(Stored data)
⁂
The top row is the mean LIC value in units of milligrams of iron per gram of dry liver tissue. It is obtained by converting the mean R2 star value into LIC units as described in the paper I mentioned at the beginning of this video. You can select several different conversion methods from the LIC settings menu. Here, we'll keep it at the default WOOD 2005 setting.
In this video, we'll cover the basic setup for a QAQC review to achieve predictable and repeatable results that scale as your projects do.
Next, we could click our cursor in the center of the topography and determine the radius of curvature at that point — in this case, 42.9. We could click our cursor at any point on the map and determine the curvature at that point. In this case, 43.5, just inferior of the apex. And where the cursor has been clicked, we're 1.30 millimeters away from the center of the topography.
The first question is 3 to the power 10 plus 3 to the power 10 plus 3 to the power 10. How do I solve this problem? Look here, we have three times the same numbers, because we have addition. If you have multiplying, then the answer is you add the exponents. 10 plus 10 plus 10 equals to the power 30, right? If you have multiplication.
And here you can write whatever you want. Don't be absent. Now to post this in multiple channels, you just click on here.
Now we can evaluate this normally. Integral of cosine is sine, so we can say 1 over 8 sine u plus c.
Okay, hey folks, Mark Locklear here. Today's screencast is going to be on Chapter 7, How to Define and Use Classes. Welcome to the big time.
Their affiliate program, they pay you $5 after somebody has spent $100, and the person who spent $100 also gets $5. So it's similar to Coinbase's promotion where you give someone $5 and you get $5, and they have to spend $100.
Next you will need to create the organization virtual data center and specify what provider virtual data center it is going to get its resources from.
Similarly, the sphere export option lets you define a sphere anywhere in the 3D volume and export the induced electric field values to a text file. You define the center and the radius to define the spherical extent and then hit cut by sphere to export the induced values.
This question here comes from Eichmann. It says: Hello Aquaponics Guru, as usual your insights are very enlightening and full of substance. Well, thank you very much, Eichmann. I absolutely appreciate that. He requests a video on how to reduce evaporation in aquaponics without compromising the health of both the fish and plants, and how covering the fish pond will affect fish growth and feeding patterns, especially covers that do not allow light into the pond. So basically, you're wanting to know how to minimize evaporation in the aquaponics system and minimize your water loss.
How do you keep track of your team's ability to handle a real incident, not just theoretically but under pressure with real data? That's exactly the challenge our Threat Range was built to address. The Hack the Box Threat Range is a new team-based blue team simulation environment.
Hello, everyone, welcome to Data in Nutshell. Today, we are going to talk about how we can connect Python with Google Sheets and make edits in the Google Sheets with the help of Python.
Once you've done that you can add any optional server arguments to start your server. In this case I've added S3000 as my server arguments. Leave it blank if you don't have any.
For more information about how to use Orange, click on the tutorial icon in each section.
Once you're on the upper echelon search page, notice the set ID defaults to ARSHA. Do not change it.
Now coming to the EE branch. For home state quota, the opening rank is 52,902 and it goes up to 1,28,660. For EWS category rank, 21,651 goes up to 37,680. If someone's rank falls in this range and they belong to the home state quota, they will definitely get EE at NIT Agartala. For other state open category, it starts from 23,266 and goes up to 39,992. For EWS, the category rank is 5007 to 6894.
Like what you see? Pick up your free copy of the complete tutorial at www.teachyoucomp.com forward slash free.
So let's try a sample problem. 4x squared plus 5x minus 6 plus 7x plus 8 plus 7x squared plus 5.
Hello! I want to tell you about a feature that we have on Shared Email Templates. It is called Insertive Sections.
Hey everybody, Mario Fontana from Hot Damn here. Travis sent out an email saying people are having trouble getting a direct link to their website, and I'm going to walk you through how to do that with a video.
⁂
> [Task goal] Check each line above for the string "plus" and return those that contain it.

> [Output]
The first question is 3 to the power 10 plus 3 to the power 10 plus 3 to the power 10. How do I solve this problem? Look here, we have three times the same numbers, because we have addition. If you have multiplying, then the answer is you add the exponents. 10 plus 10 plus 10 equals to the power 30, right? If you have multiplication.
Now we can evaluate this normally. Integral of cosine is sine, so we can say 1 over 8 sine u plus c.
So let's try a sample problem. 4x squared plus 5x minus 6 plus 7x plus 8 plus 7x squared plus 5.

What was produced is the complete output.